Santa Teresa lembra que uma horta precisa ser
regada. E há várias formas de fazer isso. A primeira é tirar água do poço, um
grande esforço por parte do agricultor, do jardineiro ou de quem reza. Já a
segunda é o uso de uma roda, com a qual pode-se extrair maior quantidade de
água com menos esforço. O terceiro jeito é aproveitar a água de um rio. Assim,
a horta fica alagada e não é preciso regá-la tanto.
Mas a quarta forma de regar a horta é a melhor. O
homem intervém pouco, já que o campo é regado pela água da chuva.

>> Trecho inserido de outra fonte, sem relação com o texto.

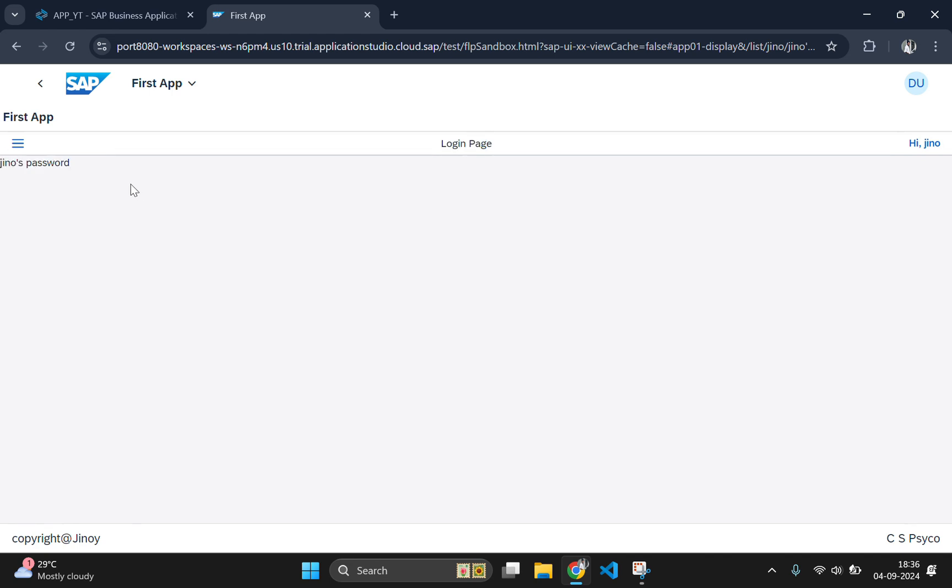And that's it. You have successfully transferred data between views in your SAP Fiori app. Now you can pass data like user names, information from one page to another, making your app more dynamic and interactive. In the next video, we will explore more advanced features. So stay tuned. If you enjoyed the video, be sure to like, subscribe and hit the bell icon to stay updated on the future tutorials. Thanks for watching and I will see you in part 6.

Santa Teresa compara estes caminhos de irrigação
aos quatro níveis de oração:
– o primeiro (extrair água) é a
oração mental. Esforço e meditação;
– o segundo (a roda), é a oração
em silêncio, uma comunicação com Deus, em que a pessoa experimenta um
recolhimento até o mais profundo de seu ser. É uma experiência sobrenatural;
– o terceiro (regar com água do
rio) é quando a ação de Deus faz o indivíduo manifestar respeito à toda
criação. Ele se sente embriagado pela oração quando percebe que as flores estão
se abrindo e começam a exalar perfume;
– no quarto nível, (a chuva) o ser
humano se sente inundado pela inefabilidade divina e toma consciência dos
efeitos de uma vida de oração.
A horta é a interioridade, a água do rio evoca a
espiritualidade. A horta não é independente: para ser fecundada, deve abrir-se
a exterior.
A partir de uma perspectiva de quem crê ou não, é
recomendável seguir o conselho da santa: “Não subam se Deus não os sobe”. Há um
ponto ao qual não é possível ascender somente com o próprio esforço. É preciso
deixar acontecer, deixar-se conduzir, sem procurar alcançá-lo com as próprias
forças. É nisso que consiste a espiritualidade.